▼

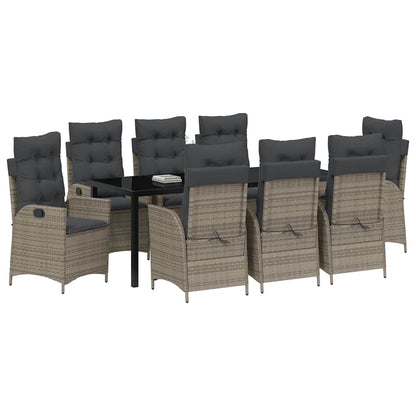 vidaXL Garten Essgruppe mit Kissen 9 pcs Grau Poly-Rattan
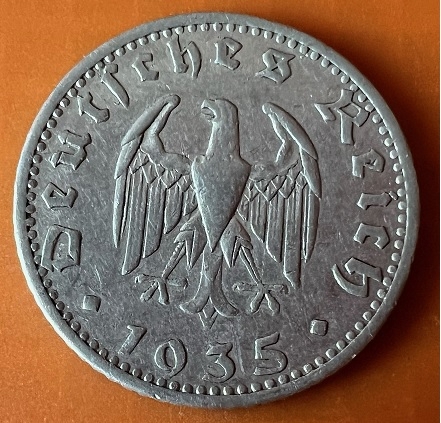 50 Reichspfennig 1935 "A" Kursmünze Deutsches Reich Umlaufmünze      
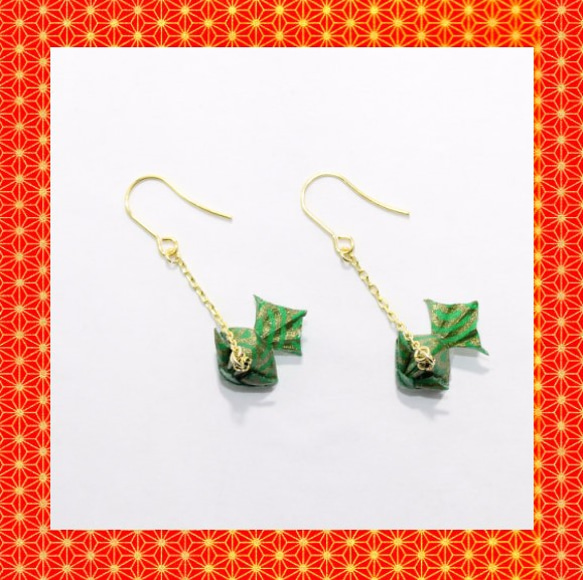 Origami GOLDFISH earrings【1pair】 第2張的照片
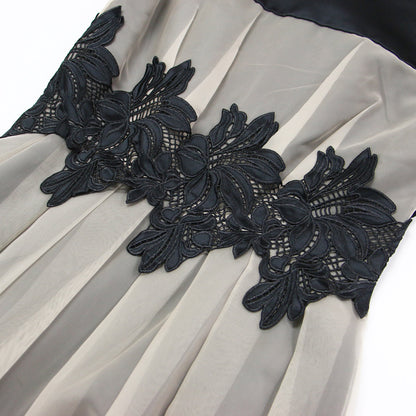 25春夏 グラッセ レース フレア ノースリーブ ドレス / ワンピース 膝丈 刺繍 シアー バイカラー オーガンジー サテン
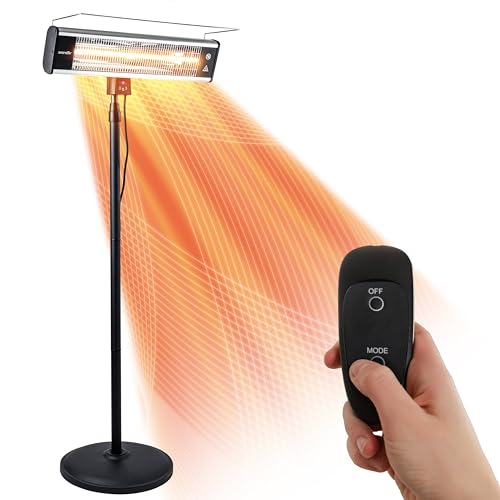 SereneLife Infrared Patio Heater, Electric Patio Heater for Indoor/Outdoor Use, Portable Stand Heater with Remote Control, 1500 W, for Restaurant, Patio, Backyard, Garage, Decks (Off Black)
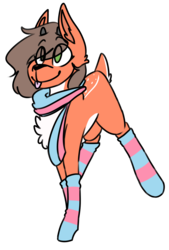 Size: 1206x1780 | Tagged: safe, artist:speaks-in-sketches, oc, oc only, oc:winter fawn, deer, pony, clothes, scarf, simple background, socks, solo, striped socks, transparent background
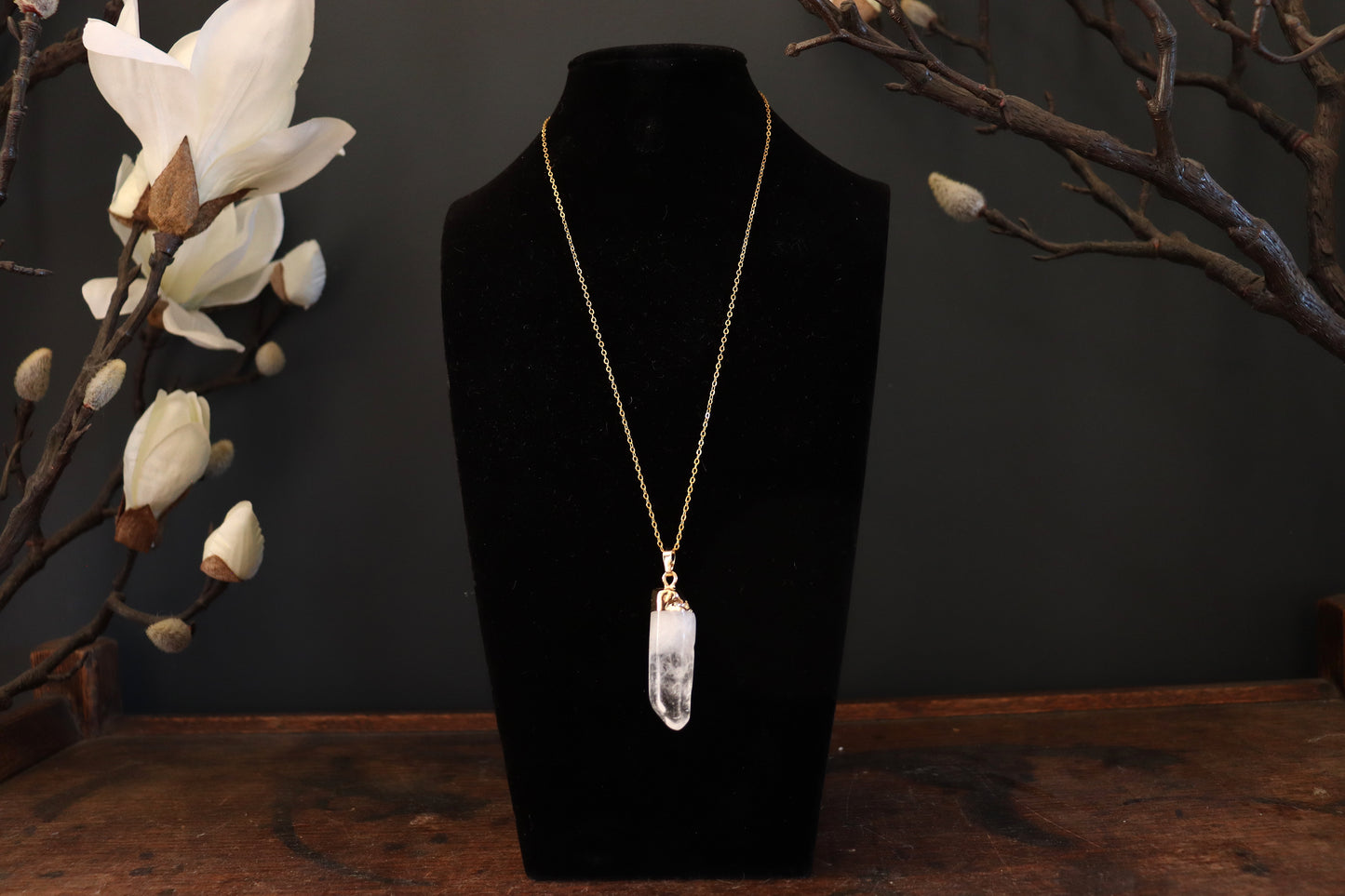 Natural Clear Quartz Column Necklace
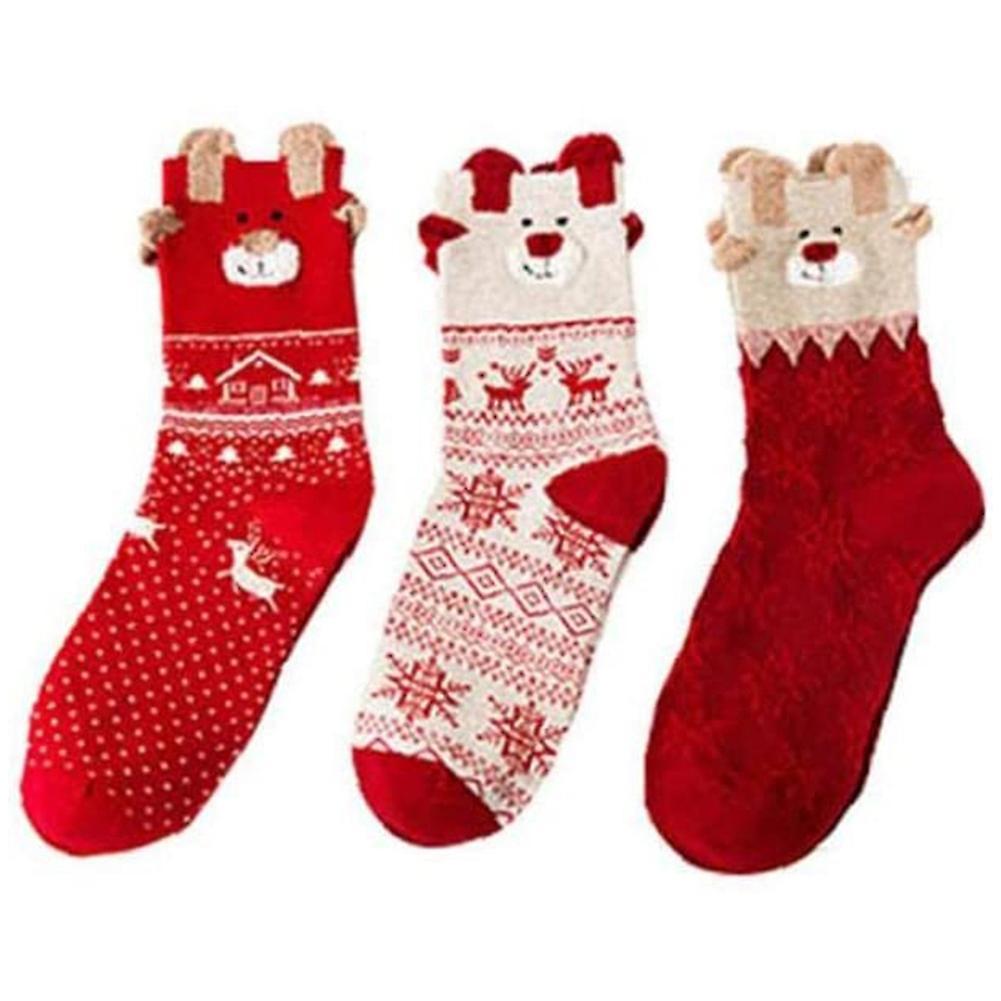 3 Pairs Floor Socks Coral Fleece Socks C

▲

Exercise:
Pictures stay out; copy every entry above exactly.

Solution to this task:
 vidaXL Garten Essgruppe mit Kissen 9 pcs Grau Poly-Rattan
 50 Reichspfennig 1935 "A" Kursmünze Deutsches Reich Umlaufmünze      
 Origami GOLDFISH earrings【1pair】 第2張的照片
 25春夏 グラッセ レース フレア ノースリーブ ドレス / ワンピース 膝丈 刺繍 シアー バイカラー オーガンジー サテン
 SereneLife Infrared Patio Heater, Electric Patio Heater for Indoor/Outdoor Use, Portable Stand Heater with Remote Control, 1500 W, for Restaurant, Patio, Backyard, Garage, Decks (Off Black)
 Size: 1206x1780 | Tagged: safe, artist:speaks-in-sketches, oc, oc only, oc:winter fawn, deer, pony, clothes, scarf, simple background, socks, solo, striped socks, transparent background
 Natural Clear Quartz Column Necklace
 3 Pairs Floor Socks Coral Fleece Socks C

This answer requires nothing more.